● Work order:
Copy nothing from the entries below except the lines from the one containing "House in Miami, Florida" through the one containing "fn986_sanitiserstation2", and copy those exactly.
#### Records to use ####
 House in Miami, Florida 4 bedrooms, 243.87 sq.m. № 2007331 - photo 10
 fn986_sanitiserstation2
####
#### Records to use ####
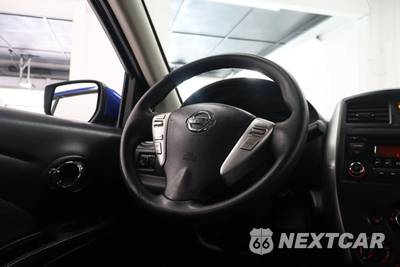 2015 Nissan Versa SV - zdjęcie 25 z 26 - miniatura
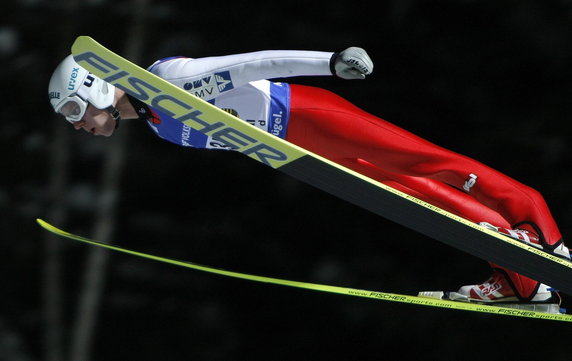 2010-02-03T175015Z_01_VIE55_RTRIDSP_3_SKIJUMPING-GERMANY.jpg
####
#### Records to use ####
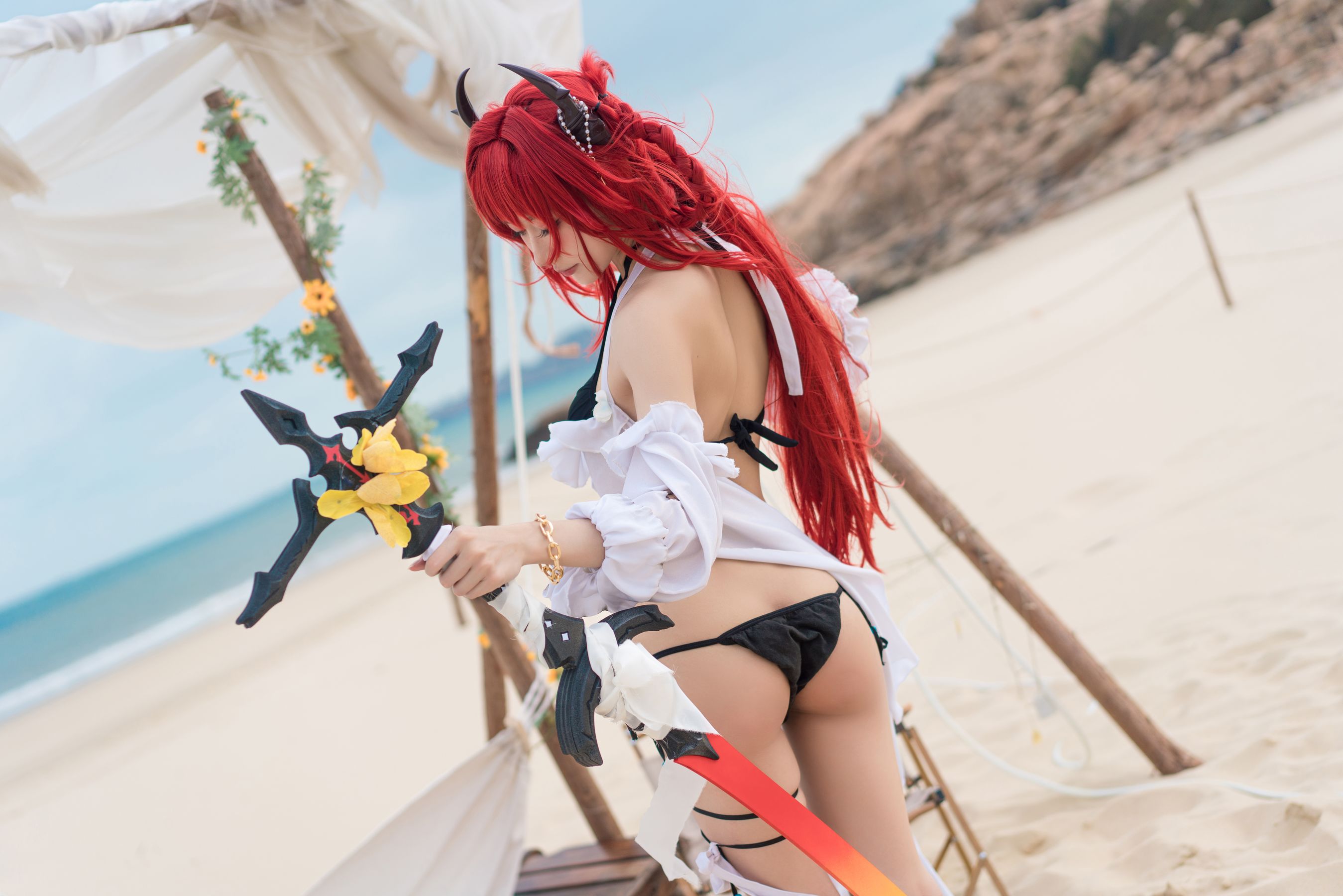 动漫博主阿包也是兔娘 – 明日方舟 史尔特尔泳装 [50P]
####
● Task result:
 House in Miami, Florida 4 bedrooms, 243.87 sq.m. № 2007331 - photo 10
 fn986_sanitiserstation2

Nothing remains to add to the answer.